Geldstrafe für Internet-Anonymisierung

Doch ein Gesetzentwurf in der russischen Staatsduma will der Anonymisierung im Internet einen Riegel vorschieben. Der Vorstoß kommt von der Regierungspartei „Einiges Russland“, der „Kommunistischen Partei“ sowie der Partei „Gerechtes Russland“. Ihrer Ansicht zufolge seien Tor & Co. ein Hindernis für effektive Polizeiarbeit. Die jetzigen Sperren seien „nicht effektiv genug“.

Deshalb soll die Nutzung von Proxy und VPN in Russland künftig verboten werden. Verstöße können mit empfindlichen Strafen von bis zu 300.000 Rubel (ca. 4.700 Euro) geahndet werden. Auch Suchmaschinen wie Google oder Yandex müssen Verweise auf entsprechende Software löschen – ansonsten droht eine Strafe in Höhe von 700.000 Rubel (ca. 11.000 Euro).

Informationelle Selbstbestimmung

Kritiker sehen im Gesetzentwurf einen starken Einschnitt in der informationellen Selbstbestimmung der Bürger. Der Internet-Ombudsmann der russischen Regierung, Dmitri Marinitschew, bezeichnete den Vorstoß als „Wahnsinn“. Die technische Umsetzung sei nahezu unmöglich. Selbst die „Große Firewall von China“ hinke dem User stets einen Schritt hinterher.

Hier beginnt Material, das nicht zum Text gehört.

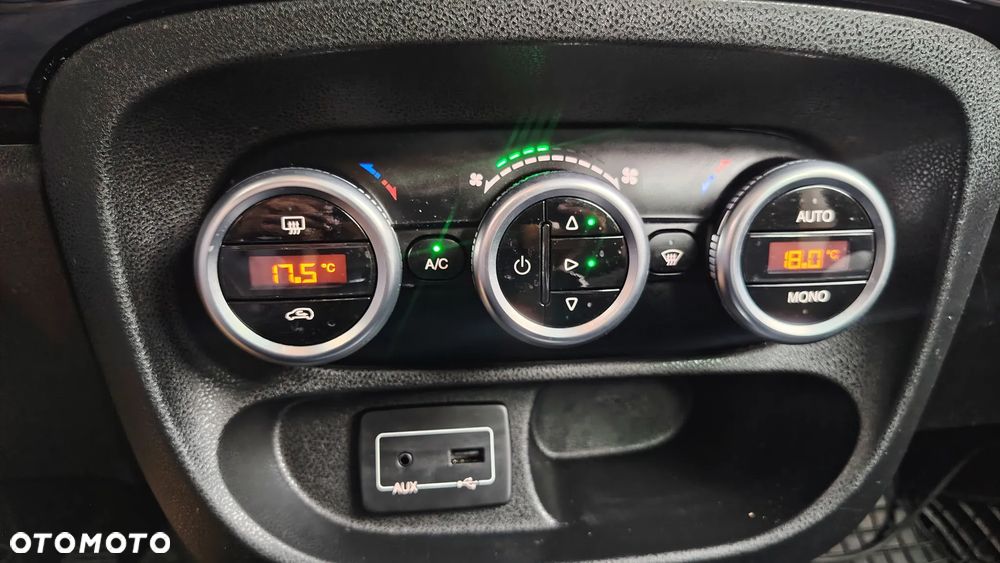 Fiat 500L 1.4 16V T-Jet Trekking - 9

Bereits im September 2015 hat Russland neue Internet-Restriktionen eingeführt. Seitdem müssen personenbezogene Daten russischer Staatsbürger in Russland verarbeitet und gespeichert werden. Da die Microsoft-Tochter LinkedIn die Bedingungen nicht erfüllte, hat die russische Kommunikationsaufsicht Roskomnadsor den Zugriff auf das Business-Netzwerk gesperrt.